Early EVFs might have been pretty poor, but the latest and best electronic viewfinders available today have such high resolution that you can hardly see the ‘dots’ and they have a clarity that genuinely approaches optical viewfinders. The new Panasonic Lumix S cameras have the highest EVF resolution yet at over 5 million dots.
Viewfinder lag is less of an issue than it used to be thanks to faster refresh rates, and the most recent area of focus for manufacturers has been in the blackout effect you would typically see when shooting continuous bursts of images. Sony has successfully managed to eliminate this on its A9 model, and Panasonic is now claiming the same for its G9 model .
On top of all this, electronic viewfinders let you view the image with any changes to exposure, white balance, colour settings and so on applied instantly, something optical viewfinder cannot do.
Most electronic viewfinders can also be successfully used to show a more clearly visible view of the scene in low light – very much an underappreciated benefit – and the best examples are clear and largely free from noise in even these conditions.
What's good about optical viewfinders
It’s true that an optical viewfinder does not show a digital rendition of the captured image, but you’ll get to see that on the screen on the back of the camera as soon as you’ve taken the picture anyway.

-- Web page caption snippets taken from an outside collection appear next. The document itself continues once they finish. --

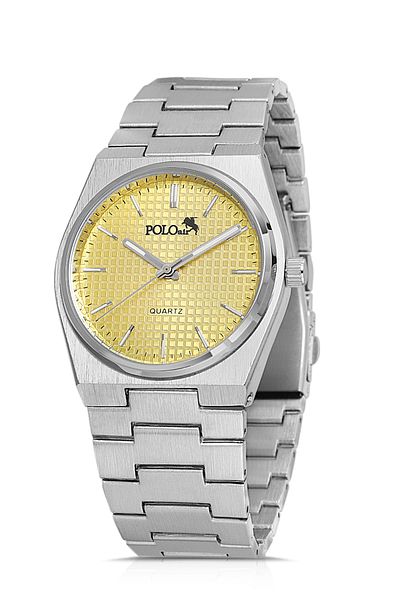 Polo Air Stylish Men's Wristwatch Silver-Yellow PL-0861E4x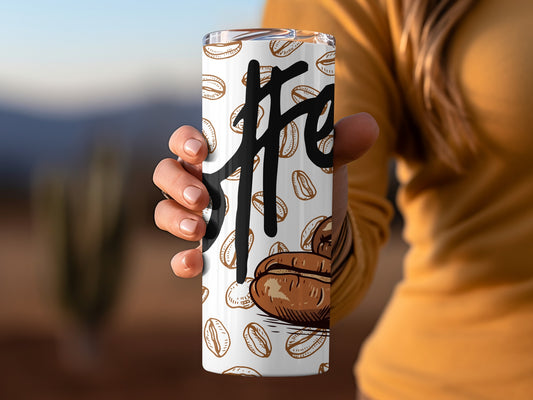Coffee Lovers Tall Tumbler with Coffee Bean Design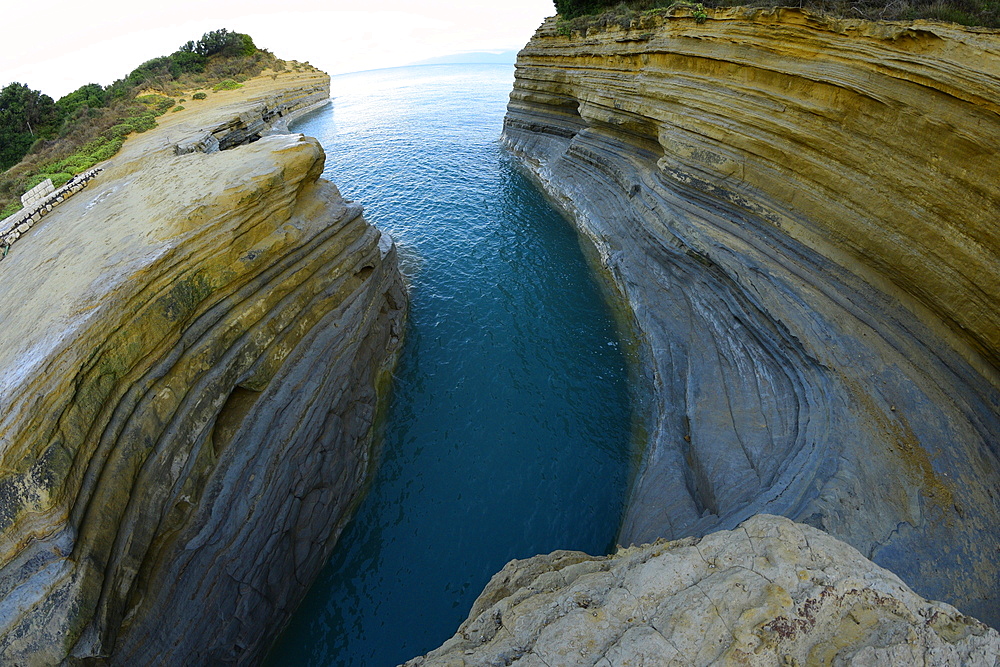 Famous Channel of Love (Canal D'amour) in Sidari, Corfu, Greece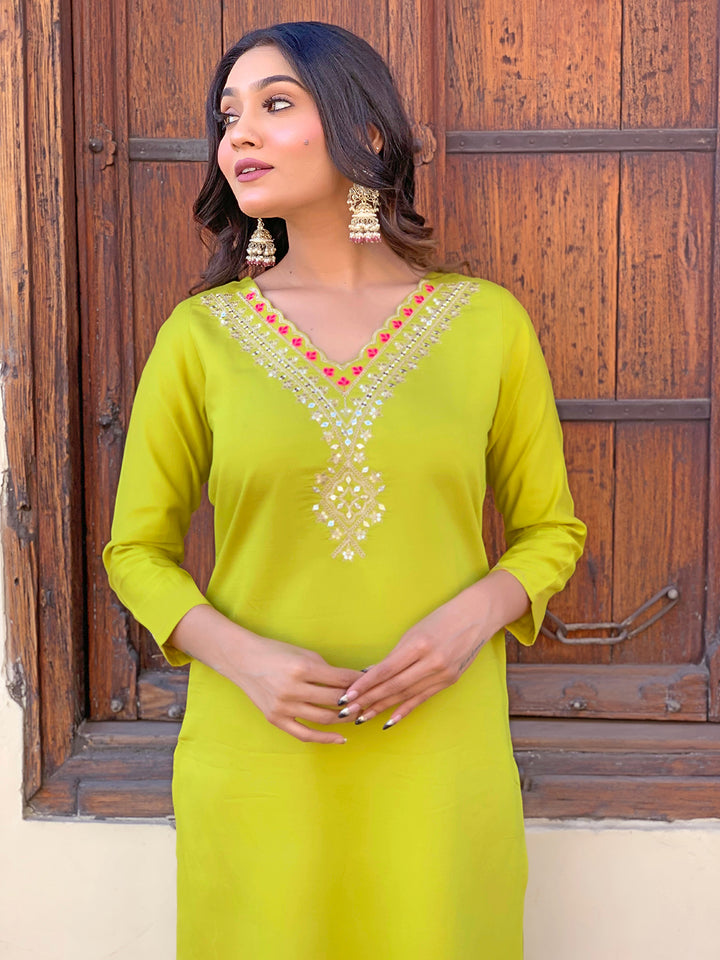 Lemon Yellow Color Rayon Kurti Embroidery With Pant And Dupatta Set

What’s more, many photographers prefer the ‘naked eye’ view of an optical viewfinder over a digital rendition. It’s a mistake to assume electronic viewfinders are inherently more ‘accurate’ because the display depends not only on the camera settings (which you may change later if you shoot RAW images) but on the quality, contrast ratio and calibration of the viewfinder panel itself. These often display more contrast than the captured image, for example, and can mislead you into correcting exposure settings that don’t need correcting.
Optical viewfinders have themselves become more intelligent. Illuminated LED panels overlaid on the main frame, for example, allow for more information to be visible within them than ever before. This is the principle behind Canon’s Intelligent Viewfinder technology.
Optical viewfinders have another key advantage that’s particularly relevant for sports and action photographers. There is unavoidable screen blackout in the camera’s burst shooting mode as the mirror flips up and down between exposures, but this is rarely an issue – the key point is that there is no lag, and it’s much easier to follow a fast-moving subject with a high-speed DSLR like the Nikon D500, for example, than it is with the average mirrorless camera.